La vida de un escorpión no era cosa fácil. En primer lugar,
pocos realmente veían su belleza
física y, tanto bestias como humanos, reaccionaban con pavor cuando alguno de
ellos asomaba sus narices azabaches en cajones o rincones. Eran muy pocos los
privilegiados que iban más allá del cascarón negro, frío y amenazador que avanzaba
hacia ellos lentamente.
En segundo lugar, ninguno podía negar que eran una amenaza
potencial.
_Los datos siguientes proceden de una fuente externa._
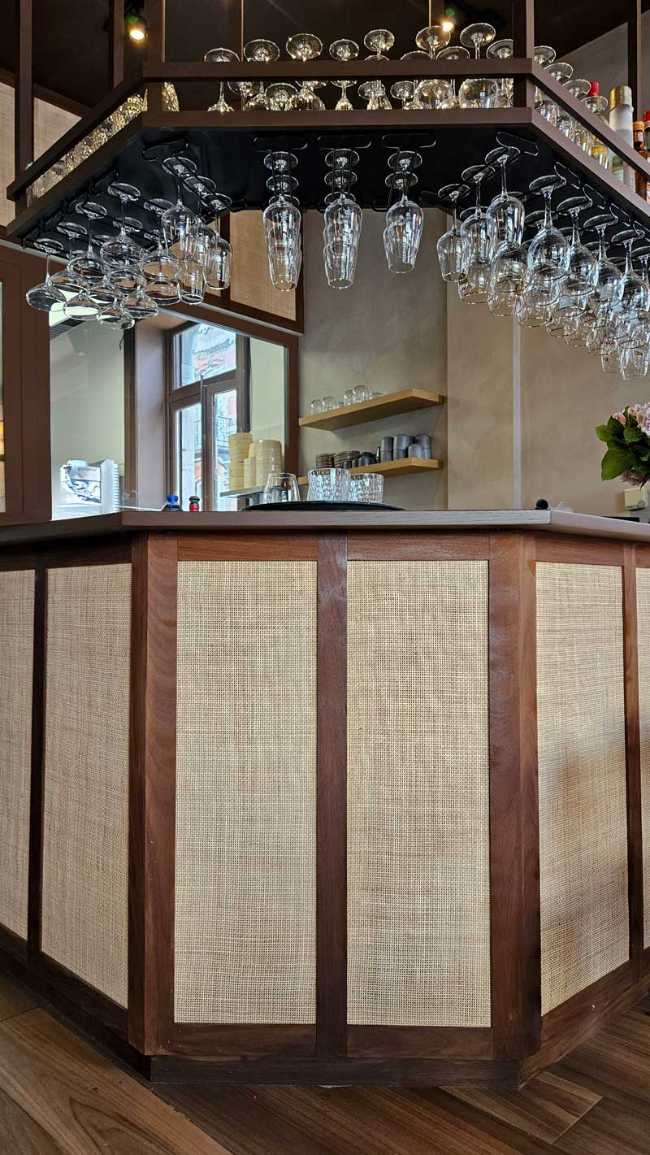 Siamese Moon Restaurant: Thai and minimalist atmospheres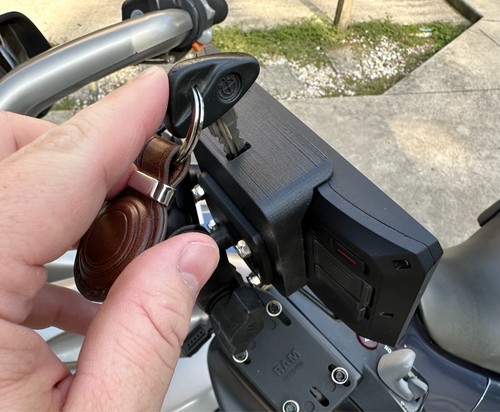 Garmin Zumo XT & XT2 Security Mount with Release Locking Cross Pin - Picture 2 of 9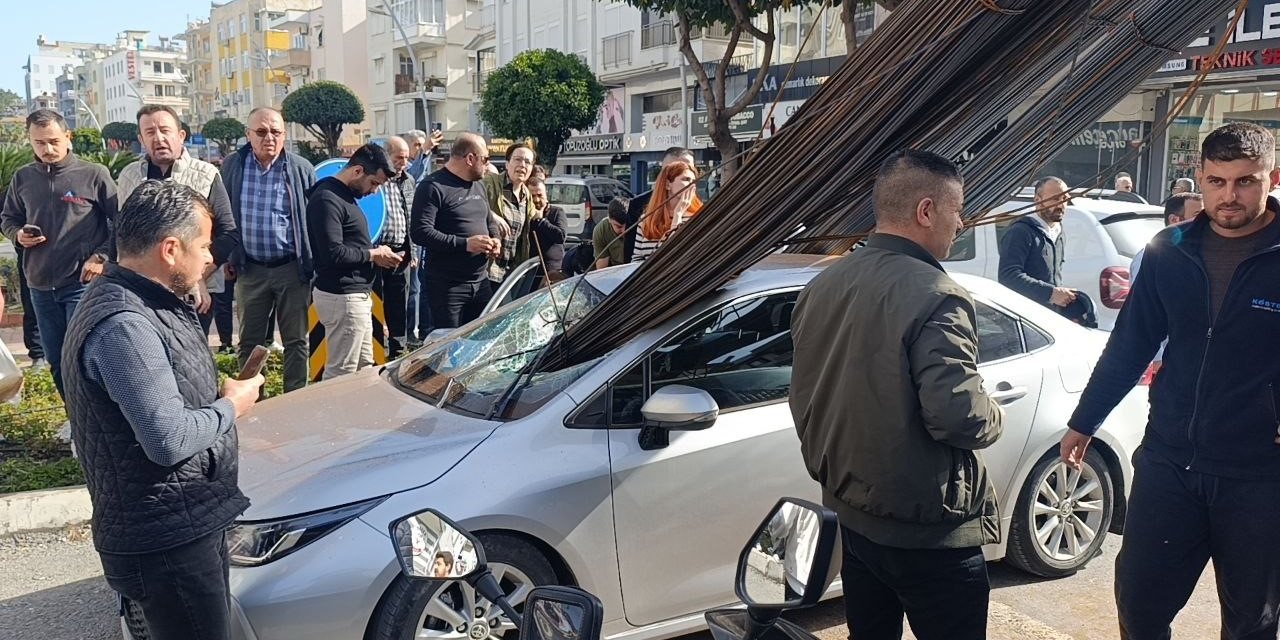 Kamyonun Üzerindeki İnşaat Demirleri Seyir Halindeki Otomobile ’ok’ Gibi Saplandı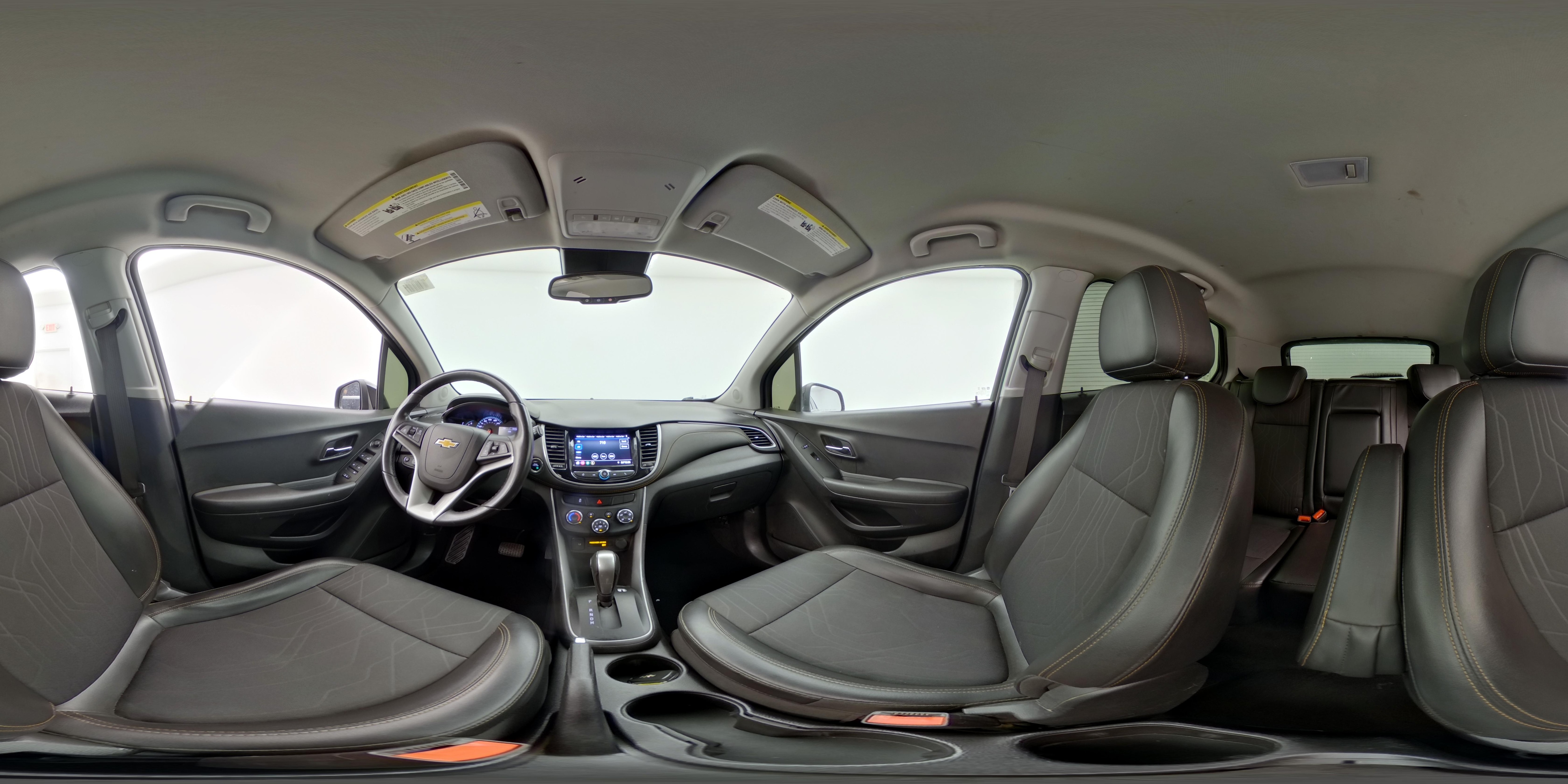 2020 Chevrolet Trax LT - Photo 25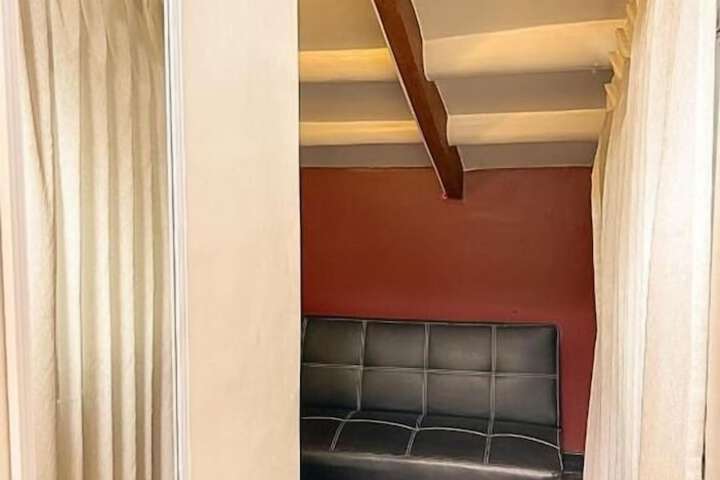 Room 50 of 108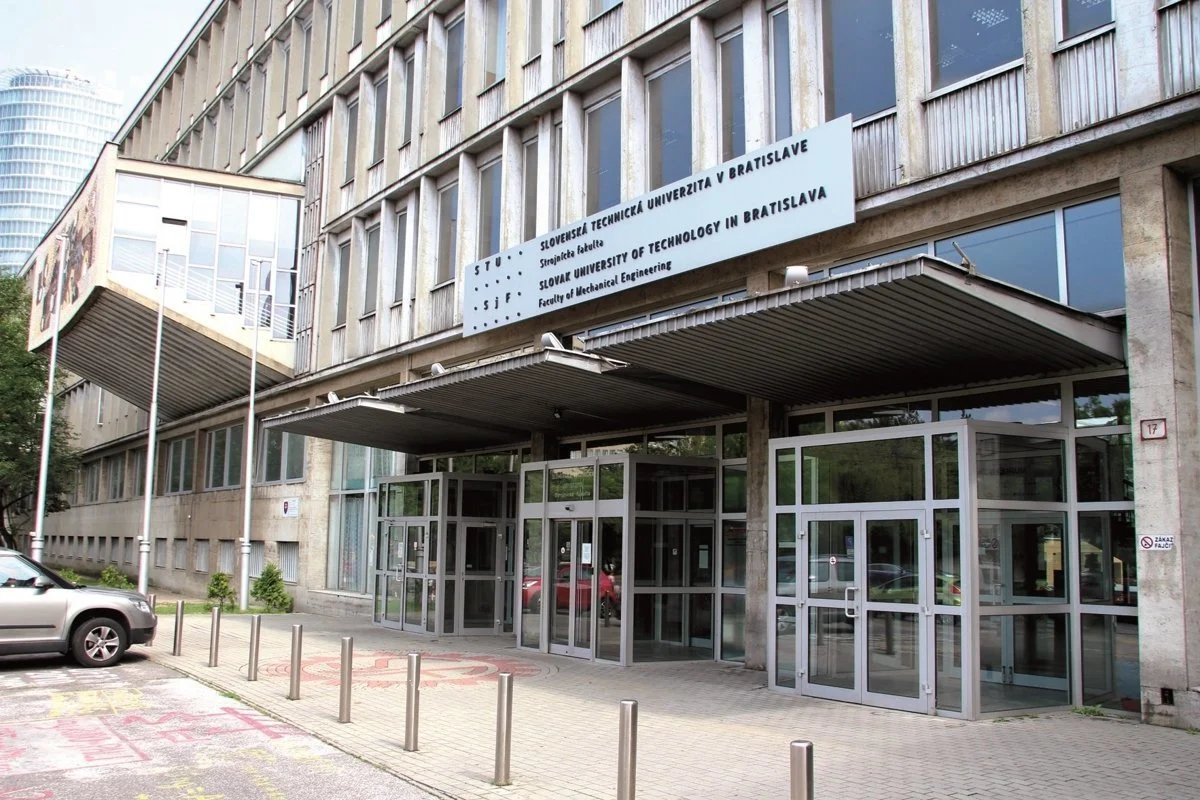 Словацький технічний університет у Братиславі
El aguijón que tenían en la cola podía ser letal para algunas
criaturas, doloroso para otras y una molestia a tener en cuenta para todas
ellas. Eso solo alimentaba el mito negro ―je― en torno a ellos, marginándolos
al mundo del horror, el asco y el peligro.
¿Qué se habían imaginado, además, esos humanos al pretender
entender su naturaleza? Los escorpiones eran mostrados como traicioneros,
malvados, traperos y eran solo superados por otra mártir de la naturaleza, la
incomprendida serpiente. ¿Qué humano no conocía la historia pérfida de la rana
y el escorpión cruzando el río? ¡Vaya propaganda humanista! ¡Vaya sucias
mentiras!
Los escorpiones eran criaturas como cualquier otra, tan salvajes,
mansos o peligrosos como muchas otras bestias que esos monos erguidos aceptaban
como “buenas”. ¡Como si un animal pudiera ser bueno o malo! Vaya tontería. Era
momento de cambiar todo ese paradigma de una buena vez. Pero antes… quizás
asomarse por un cajón o aparecer en medio de una mesa podía ser una buena broma.
Después de todo, los gritos nunca pasaban de moda, ¿verdad?